2. The procedural schedule for this proceeding is as follows:
June 15, 2011 Discovery completed
July 15, 2011 Joint submission of operating characteristics
September 2, 2011 Complainant’s opening evidence due
December 16, 2011 Defendant’s reply evidence due
March 2, 2012 Complainant’s rebuttal evidence due
April 2, 2012 Closing briefs due
3. This decision is effective on its service date.
By the Board, Chairman Elliott, Vice Chairman Nottingham, and Commissioner Mulvey.
 The digest constitutes no part of the decision of the Board but has been prepared for the convenience of the reader. It may not be cited to or relied upon as precedent. Policy Statement on Plain Language Digests in Decisions, EP 696 (STB served Sept. 2, 2010).
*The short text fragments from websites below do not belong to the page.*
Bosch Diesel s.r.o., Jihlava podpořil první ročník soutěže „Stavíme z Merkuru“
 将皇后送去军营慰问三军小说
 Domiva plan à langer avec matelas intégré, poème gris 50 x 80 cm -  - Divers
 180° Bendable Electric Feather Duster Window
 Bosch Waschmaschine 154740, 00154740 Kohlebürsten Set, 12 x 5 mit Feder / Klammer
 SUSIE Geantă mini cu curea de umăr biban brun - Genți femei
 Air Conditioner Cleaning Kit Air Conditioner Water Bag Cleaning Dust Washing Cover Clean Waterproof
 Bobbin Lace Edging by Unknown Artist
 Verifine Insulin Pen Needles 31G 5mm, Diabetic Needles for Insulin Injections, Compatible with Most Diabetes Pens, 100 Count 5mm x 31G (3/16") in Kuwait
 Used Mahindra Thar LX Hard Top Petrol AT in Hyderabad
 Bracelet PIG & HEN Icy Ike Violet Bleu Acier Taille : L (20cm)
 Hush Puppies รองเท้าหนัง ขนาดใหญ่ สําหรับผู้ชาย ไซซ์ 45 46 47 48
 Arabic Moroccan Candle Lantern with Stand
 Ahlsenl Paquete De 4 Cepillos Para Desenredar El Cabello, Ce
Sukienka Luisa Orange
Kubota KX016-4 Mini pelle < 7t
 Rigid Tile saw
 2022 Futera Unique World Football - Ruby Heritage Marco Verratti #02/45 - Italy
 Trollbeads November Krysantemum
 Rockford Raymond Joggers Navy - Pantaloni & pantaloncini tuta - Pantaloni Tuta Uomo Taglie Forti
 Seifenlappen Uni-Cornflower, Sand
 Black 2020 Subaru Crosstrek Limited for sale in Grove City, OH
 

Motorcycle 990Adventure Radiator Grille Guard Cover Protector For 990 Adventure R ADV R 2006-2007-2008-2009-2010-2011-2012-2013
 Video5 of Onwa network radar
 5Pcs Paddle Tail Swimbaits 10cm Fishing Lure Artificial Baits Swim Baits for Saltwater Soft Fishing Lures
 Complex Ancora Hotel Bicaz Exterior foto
 In its complaint, SMEPA also states that the challenged NSR tariffs, circulars, and publications may contain unreasonable charges and may constitute unreasonable practices in violation of 49 U.S.C. §§ 10702 and 10746. On January 18, 2011, NSR filed a motion to dismiss the unreasonable practice claim, and SMEPA filed a reply on February 7, 2011. The Board will address NSR’s motion to dismiss in a separate decision.
 See Simplified Standards for Rail Rate Cases, EP 646 (Sub-No. 1) (STB served Sept. 5, 2007), aff’d sub nom. CSX Transp., Inc. v. STB, 568 F.3d 236 (D.C. Cir. 2009), and vacated in part on reh’g, CSX Transp., Inc. v. STB, 584 F.3d 1076 (D.C. Cir. 2009).
 SMEPA’s Mot. 3 (“[T]he Board . . . should . . . clarify the procedural obligations of parties to SAC cases pending formal correction of the language in question.”); NSR’s Reply 10 n.7 (“To eliminate confusion, the Board may wish to . . . clarify that the timing of the conference of the parties suggested by the former schedule has been superseded by Section 1111.10(b).”).